(Beginning of DATA FOR THIS TASK)

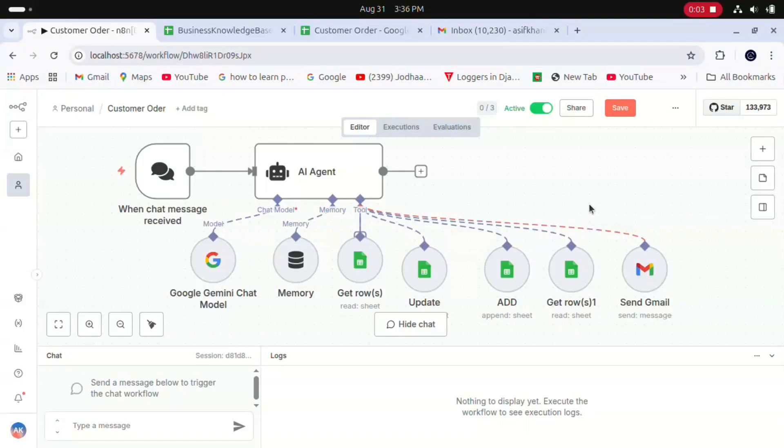Hey everyone, this is Asif Ham. In this video showcase, I have locally hosted n8n on my Ubuntu system and built a simple order management system AI agent which takes information from the user and updates the order in Google Sheets.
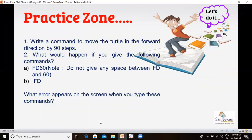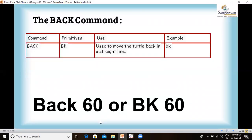Next, we are going to learn the back command. The primitive is BK. It is used to move the turtle backward in a straight line. The command is written as BACK 60 or BK 60, where you specify the number of steps you want to move the turtle back.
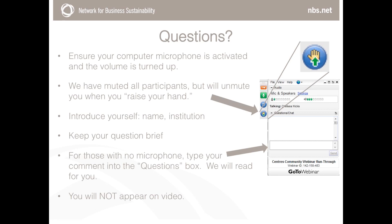Thanks for a great talk, Gal. It was really interesting to see the parallels — both yours and Rob's talks really reinforcing how mutually beneficial research, teaching, and sustainability can be. We'll now open it up to questions. If you have a question for Gal, please raise your hand or type it into the box and we will read it out for you.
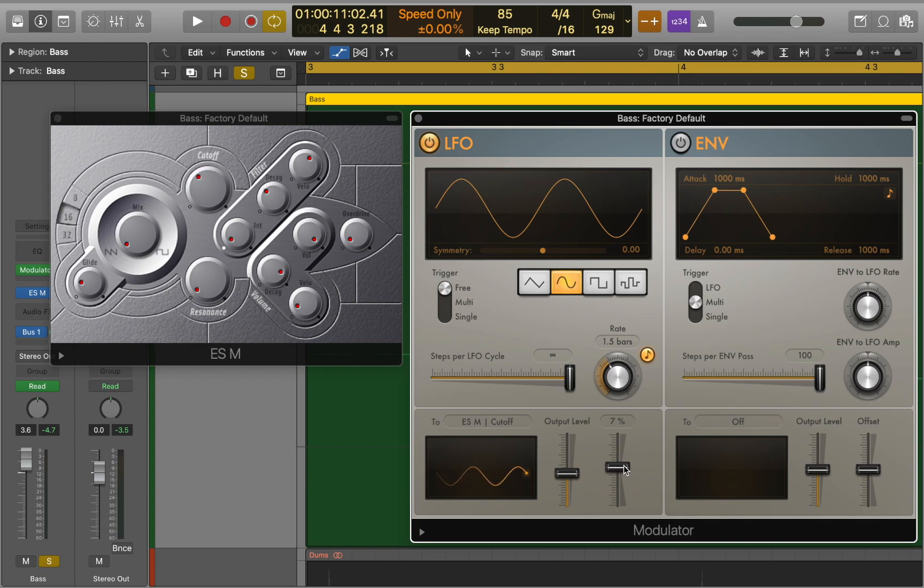Automation is a great tool that you can use to bring otherwise static elements to life. So give it a try and see how it can help you. Thank you.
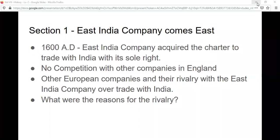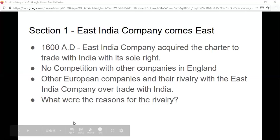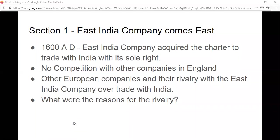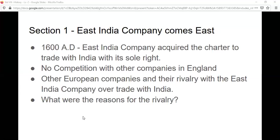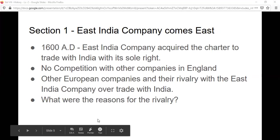What were the reasons for the rivalry? The problem was that all the companies were interested in buying the same things. The fine qualities of cotton and silk produced in India had a big market in Europe. The kind of quality of cotton and silk in India was the best, and people in Europe were ready to buy it at very high prices. Similarly, exotic spices like pepper, cloves, cardamom, and cinnamon were only available in India at that time, and no other country was selling these exotic spices - that also led to trade rivalry.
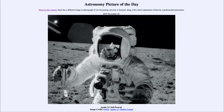Greetings and welcome to Introduction to Astronomy. One of the things that I like to do in each of my introductory astronomy classes is to begin with the Astronomy Picture of the Day from the NASA website — that is apod.nasa.gov/apod — and today's picture for November 24th, 2019 is titled Apollo 12 Self-Portrait.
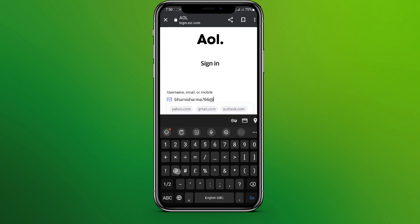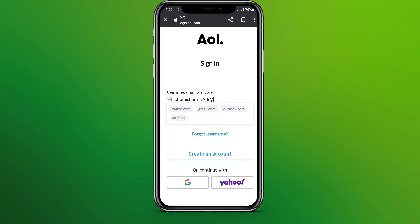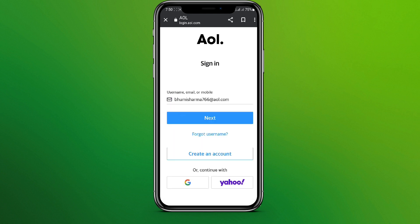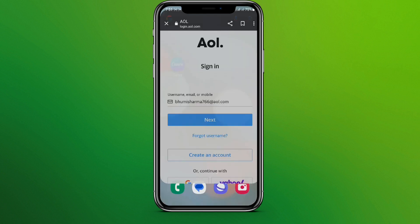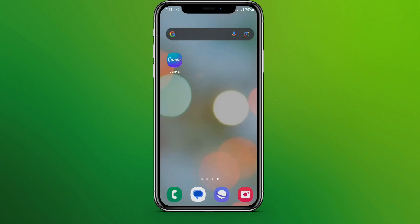Click on next, then add your password. Once you do that, you'll get into the AOL interface. That's how you sign in to AOL — I hope you liked the video.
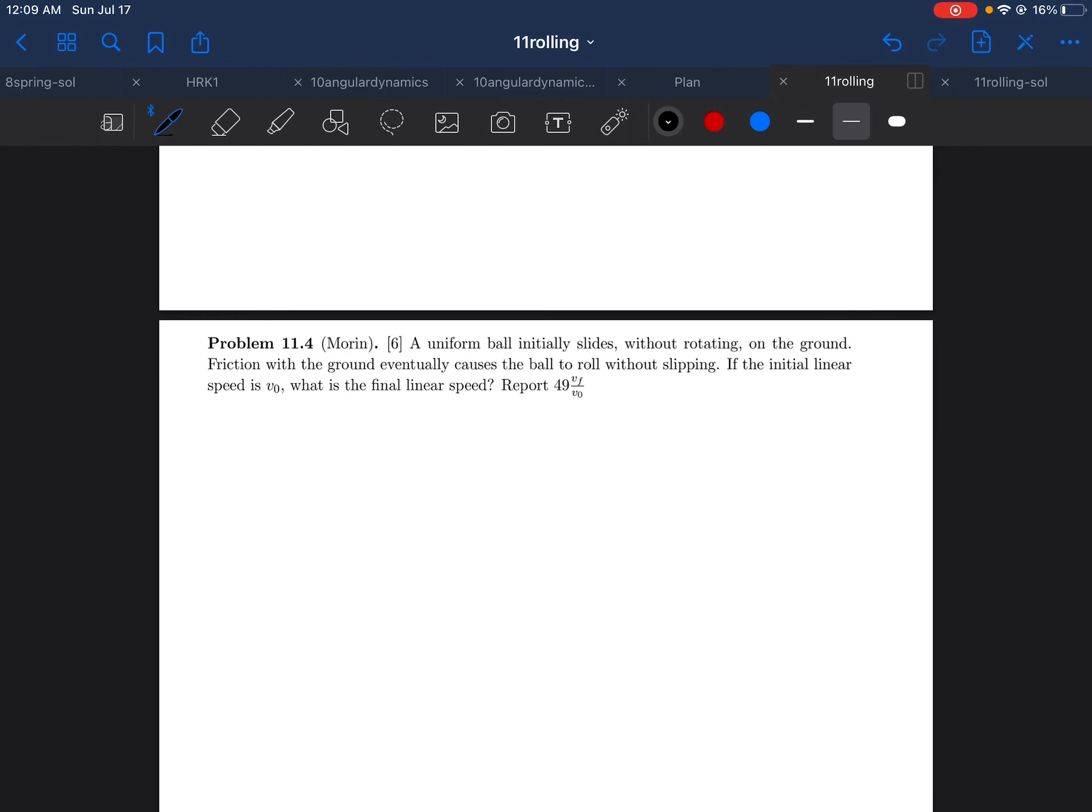Hello guys, here's the next problem. Pause the video if you haven't already and try solving the problem.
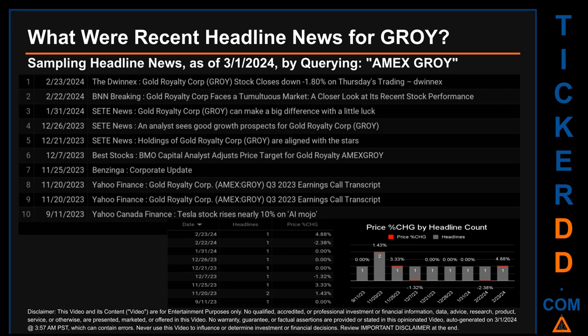Thursday, February 22nd, 2024 was the day with the highest percentage change in price when comparing opening versus closing price for the ticker. The day saw a drop of minus 2.38 when GROY opened trading at 1.68 and closed at 1.64. There was one found headline, when BNN Breaking published the headline that read: 'Gold Royalty Corp Faces a Tumultuous Market: A Closer Look at Its Recent Stock Performance.'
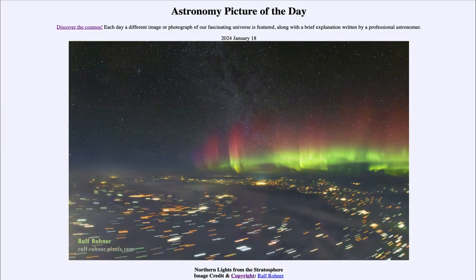That was our picture of the day for January 18th of 2024, titled 'Northern Lights from the Stratosphere.' We'll be back tomorrow for the next picture, previewed to be about the shortest day in the solar system. Until then, have a great day everyone, and I will see you in class.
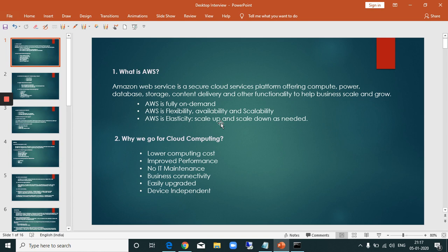First question: what is AWS? AWS is a cloud platform. It is a cloud provider. It provides cloud storage and computing services. That is the marketing-level answer for what AWS is.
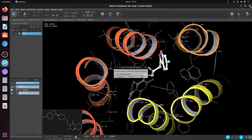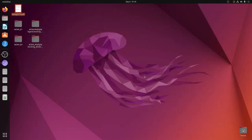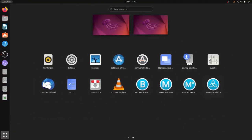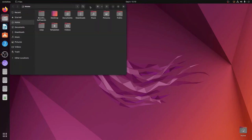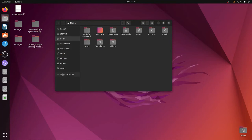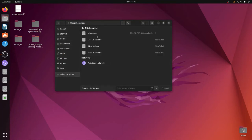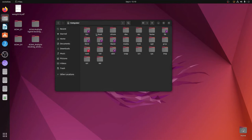Maestro is working correctly in the Ubuntu environment. Now we have correctly installed the free version of Schrodinger Maestro. The next thing we want to do is uninstall it. To uninstall, first remember where we installed the software. Open the home folder, go to 'Other Locations', and click on 'Computer', which is the root directory.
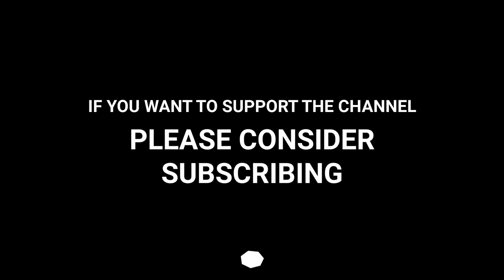If you want to support the channel, please consider subscribing.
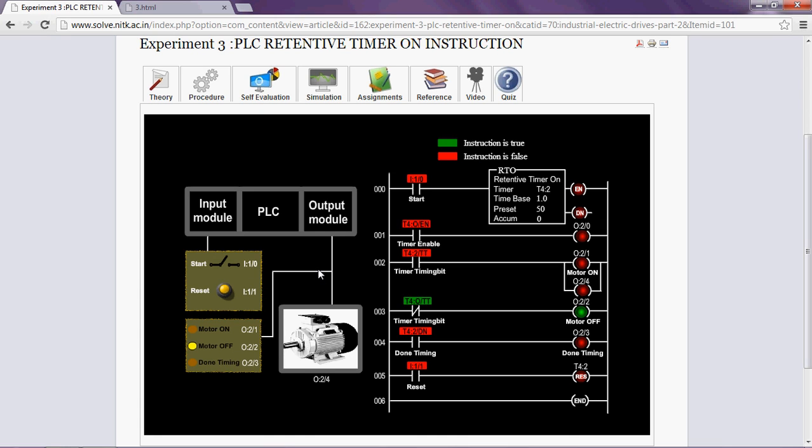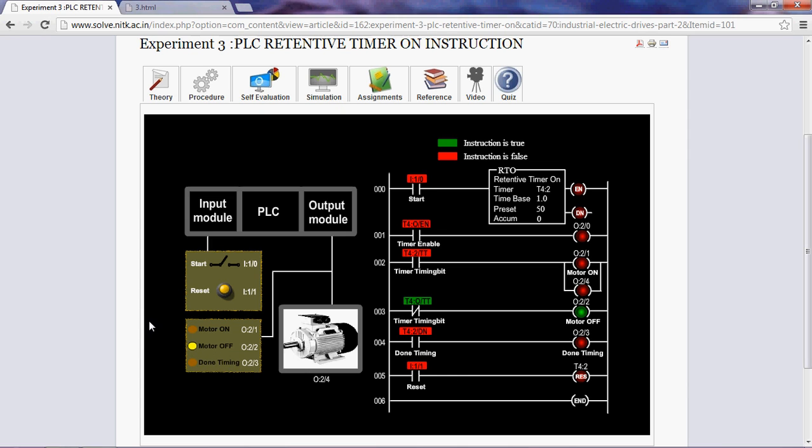The working status of the motor and timer is displayed using LEDs. When the motor is running, motor on LED will glow. When the motor is not running, motor off LED will glow. When the timer has done timing, done timing LED will glow.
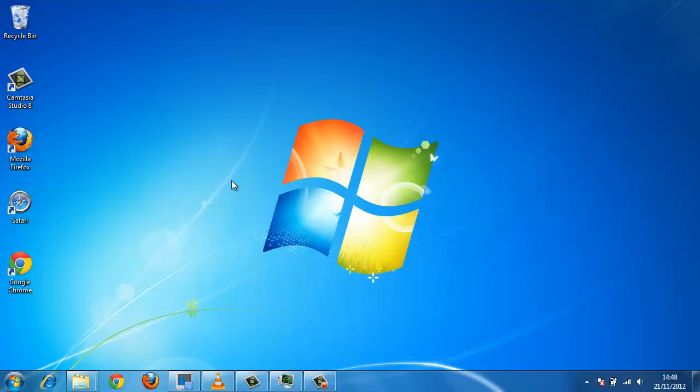To change icon size, Windows makes the process easy. This tutorial will show you how to change the size of your icons to make the system easier for you to use.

(End of DATA FOR THIS TASK)

## EXERCISE DIRECTIONS:
Could you retype the whole listing word for word, minus its pictures?

## RESULT:
Hey everyone, this is Asif Ham. In this video showcase, I have locally hosted n8n on my Ubuntu system and built a simple order management system AI agent which takes information from the user and updates the order in Google Sheets.
Next, we are going to learn the back command. The primitive is BK. It is used to move the turtle backward in a straight line. The command is written as BACK 60 or BK 60, where you specify the number of steps you want to move the turtle back.
Thanks for a great talk, Gal. It was really interesting to see the parallels — both yours and Rob's talks really reinforcing how mutually beneficial research, teaching, and sustainability can be. We'll now open it up to questions. If you have a question for Gal, please raise your hand or type it into the box and we will read it out for you.
Automation is a great tool that you can use to bring otherwise static elements to life. So give it a try and see how it can help you. Thank you.
What were the reasons for the rivalry? The problem was that all the companies were interested in buying the same things. The fine qualities of cotton and silk produced in India had a big market in Europe. The kind of quality of cotton and silk in India was the best, and people in Europe were ready to buy it at very high prices. Similarly, exotic spices like pepper, cloves, cardamom, and cinnamon were only available in India at that time, and no other country was selling these exotic spices - that also led to trade rivalry.
Greetings and welcome to Introduction to Astronomy. One of the things that I like to do in each of my introductory astronomy classes is to begin with the Astronomy Picture of the Day from the NASA website — that is apod.nasa.gov/apod — and today's picture for November 24th, 2019 is titled Apollo 12 Self-Portrait.
Click on next, then add your password. Once you do that, you'll get into the AOL interface. That's how you sign in to AOL — I hope you liked the video.
Hello guys, here's the next problem. Pause the video if you haven't already and try solving the problem.
Thursday, February 22nd, 2024 was the day with the highest percentage change in price when comparing opening versus closing price for the ticker. The day saw a drop of minus 2.38 when GROY opened trading at 1.68 and closed at 1.64. There was one found headline, when BNN Breaking published the headline that read: 'Gold Royalty Corp Faces a Tumultuous Market: A Closer Look at Its Recent Stock Performance.'
That was our picture of the day for January 18th of 2024, titled 'Northern Lights from the Stratosphere.' We'll be back tomorrow for the next picture, previewed to be about the shortest day in the solar system. Until then, have a great day everyone, and I will see you in class.
First question: what is AWS? AWS is a cloud platform. It is a cloud provider. It provides cloud storage and computing services. That is the marketing-level answer for what AWS is.
Maestro is working correctly in the Ubuntu environment. Now we have correctly installed the free version of Schrodinger Maestro. The next thing we want to do is uninstall it. To uninstall, first remember where we installed the software. Open the home folder, go to 'Other Locations', and click on 'Computer', which is the root directory.
If you want to support the channel, please consider subscribing.
The working status of the motor and timer is displayed using LEDs. When the motor is running, motor on LED will glow. When the motor is not running, motor off LED will glow. When the timer has done timing, done timing LED will glow.
To change icon size, Windows makes the process easy. This tutorial will show you how to change the size of your icons to make the system easier for you to use.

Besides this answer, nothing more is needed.